Mortgages outperformed Treasurys month-to-date through Feb. 17, according to Barclays Capital. Excess return on the MBS Index was 59 basis points compared to negative 163 basis points on the ABS Index, negative 72 basis points on CMBS and 39 basis points on corporates.
MBS analysts' tone was more weighted toward neutral on the mortgage basis last week. For example, Bank of America Securities turned neutral on the mortgage basis versus Treasurys. Analysts found only limited upside in the sector for several reasons, such as somewhat tighter mortgage spreads. They also noted the potential for a sharp rate backup from current levels, causing mortgage market convexity to worsen and implied volatility to rise. If rates rally strongly, mortgages will also not be able to keep up with Treasurys because of the limited upside in MBS prices, the increased risk of domestic bank selling of agency MBS, the attractive valuations in alternative sectors and the uncertain overseas demand. Overseas demand could dip because of the declining U.S. trade deficit, lower petrodollars and Asian domestic fiscal stimulus programs.

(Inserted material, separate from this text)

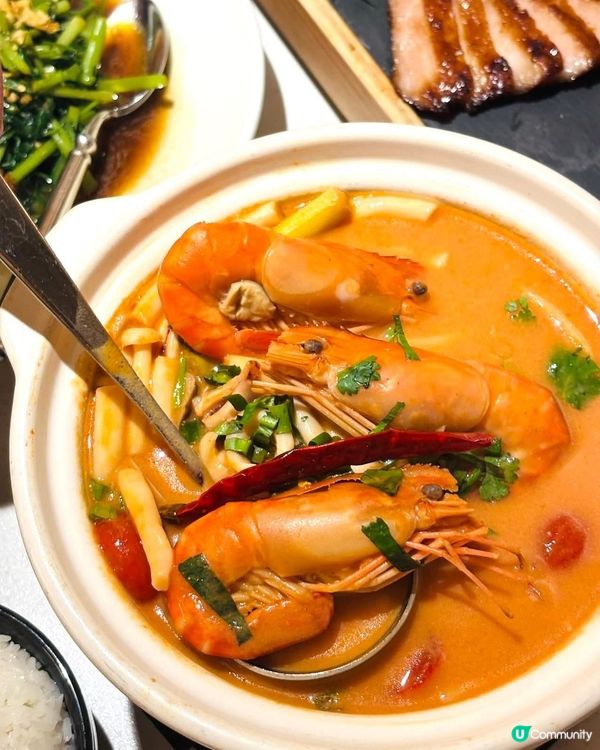 泰菜控注意！深圳泰國菜天花板🤤 泰香米等你！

Deutsche Bank Securities analysts were also neutral on the mortgage basis amid concerns of increased bank selling if the mortgage market reaches a $103-16 level and limited declines in volatility based on economic uncertainty. Credit Suisse analysts also mentioned hedging challenges, spreads near the tight end of their recent range and challenges in a rally - which kept them neutral.
Barclays Capital, however, remained overweight on the basis due to the Fed's presence in the MBS market and the belief that the call risk that is being priced into the market is overdone.

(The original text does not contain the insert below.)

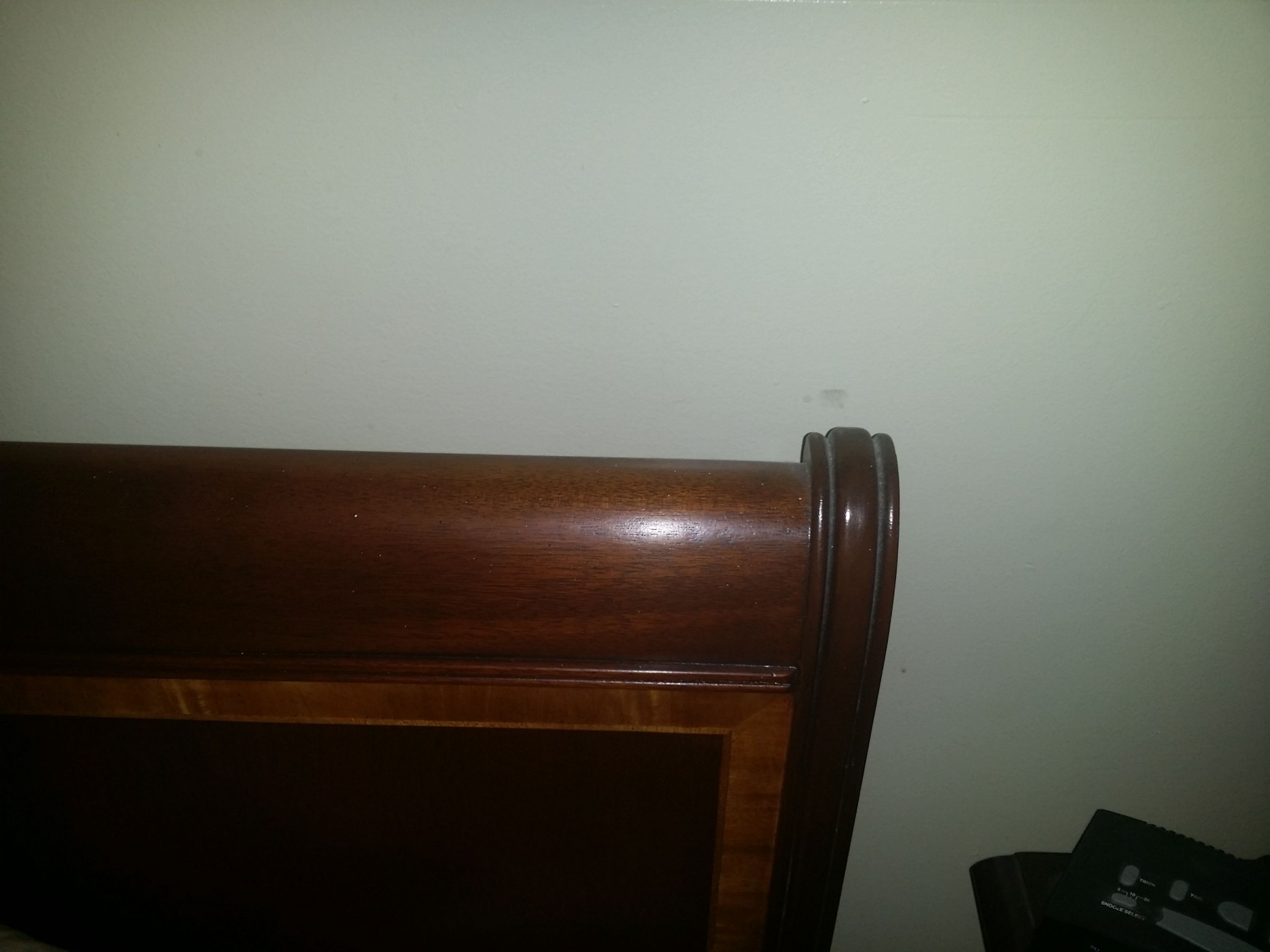 Headboard Silencer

There have been upward revisions in the past week by some Wall Street analysts to February's prepayment outlook. Speeds are now projected to increase slightly over 20% with paydowns estimated in the mid-$90 billion area. Speeds initially had been estimated to increase about half as much. The largest percentage increases in terms of vintage are 2008, by coupon in 5s and 5.5s and also in 6s for GNMAs. The 6.5%s are estimated to increase between 11% and 13%; on 7% vintages, FNMAs are estimated to increase around 18%, while GNMAs are projected to slow in 2007 and 2006 vintages while increasing 21% in 2008. March and April, conventional speeds are expected to slow less than 10%, while GNMAs are projected to increase modestly in both months.
Credit Suisse analysts commented on the lack of response on seasoned vintages, specifically in 2003 to 2005. They believe "fundamental factors such as differences in average loan balance, WAC and SATO explain a significant portion of the differences in response between newer and seasoned vintages." As a result, they think slower prepayment speeds on seasoned vintages will likely persist.
However, prepayments on credit-impaired agency MBS could begin to increase under the Treasury's financial stability plan. Prepayments for these loans would be a negative for mortgages, noted Deutsche Bank analysts, and also negative for the banking sector, "since higher prepayments along with new low-coupon origination would serve to reduce net interest margins," they said.